Recently, I have been solving LeetCode problems. In addition to participating in ByteDance's seven-day problem-solving challenge, I have been following the Algorithm Template to train by problem type.

The sections on binary trees, linked lists, stacks, and queues were relatively easy and I didn't encounter many problems. Now I have reached the section on binary numbers. Because I had limited knowledge about this topic before, I have reached the point where I have to look at the solution for every problem (sad). So I plan to write a blog post to record the thought process for each problem, for my future reference.

136. Single Number

Given a non-empty integer array, every element appears twice except for one. Find that single element.

By utilizing the properties of bitwise XOR operation (0^a=a and a^a=0), we can use an initial value of 0 to iterate through the array and perform XOR operation. The remaining value will be the single element that appears only once.

package main

func singleNumber(nums []int) int {
        result := 0
        for _, value := range nums {
                result ^= value
        }
        return result
}

137. Single Number II

Given a non-empty integer array, every element appears three times except for one. Find that single element.

Compared to the previous problem, this one has a significantly higher difficulty level, even though only a small change is made.

Let's review the approach used in the previous problem: we chose to iterate through the array and perform XOR operation because XOR operation ensures that calculating the XOR of the same element twice will return the initial state (0=0^a^a). In this problem, where duplicate elements appear three times, we want to find an operation @ that, for any number a, satisfies the equation: 0 = 0@a@a@a.

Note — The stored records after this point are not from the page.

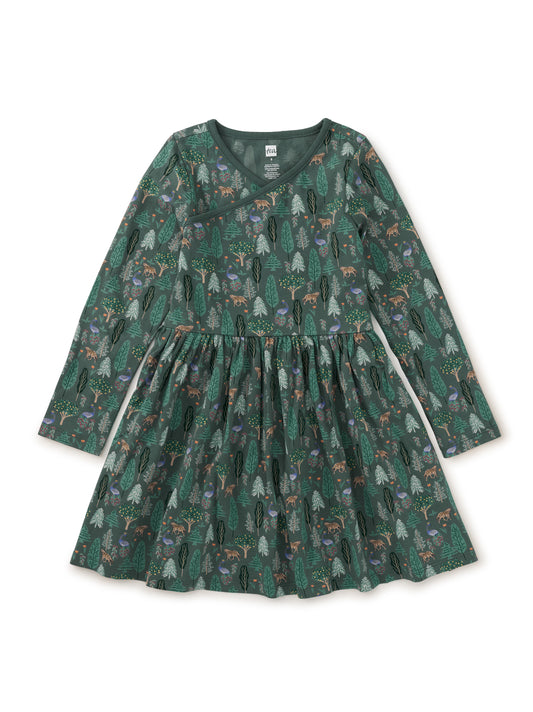 Tea Turkish Forest | Long Sleeve Wrap Neck Dress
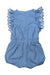 A Blue Short Sleeve Rompers from Chloe in size 3-6M for girl. (Back View)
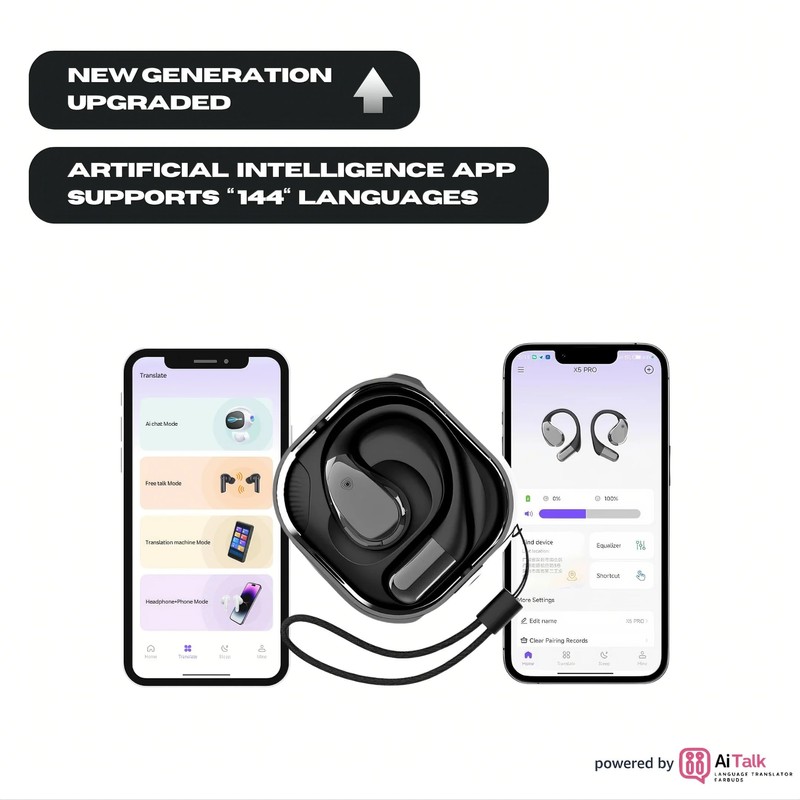 AI Translation Earbuds Real Time, 3-in-1, Language Translator Earbuds, 144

To further explain the situation in the previous problem, let's assume that the numbers are recorded as 1 and not recorded as 0. By performing XOR operation, we satisfy the following equation:

binary

Therefore, the numbers that appear twice are completely canceled out, and the remaining value represents the state of the number that appears only once, which is the result.

For binary numbers, each bit can only represent two states, which is not suitable for our situation. Therefore, we can consider using two bits to represent a specific bit in the result. Starting from 00, when encountering the number "a" for the third time, we return to the state 00.

Digraph.gv.2

By using two variables to represent these two bits (denoted as x and y), we want to ensure that when encountering "a" for the second time, x is equal to 0^a, and when encountering "a" for the first time, y is equal to 0^a. This way, we can cancel out the numbers that appear three times, and the final state will be 01, with y representing the result.

package main

func singleNumber(nums []int) int {
        var x, y int
        for _, value := range nums {
                y = (y ^ value) & ^x
                x = (x ^ value) & ^y
        }
        return y
}

260. Single Number III

Given an integer array nums, in which exactly two elements appear only once and all the other elements appear twice. Find the two elements that appear only once.

Let's assume that the two elements that appear only once are denoted as "a" and "b". Using the approach from the first problem, we can easily calculate the result of a^b. But how do we find "a" and "b" separately?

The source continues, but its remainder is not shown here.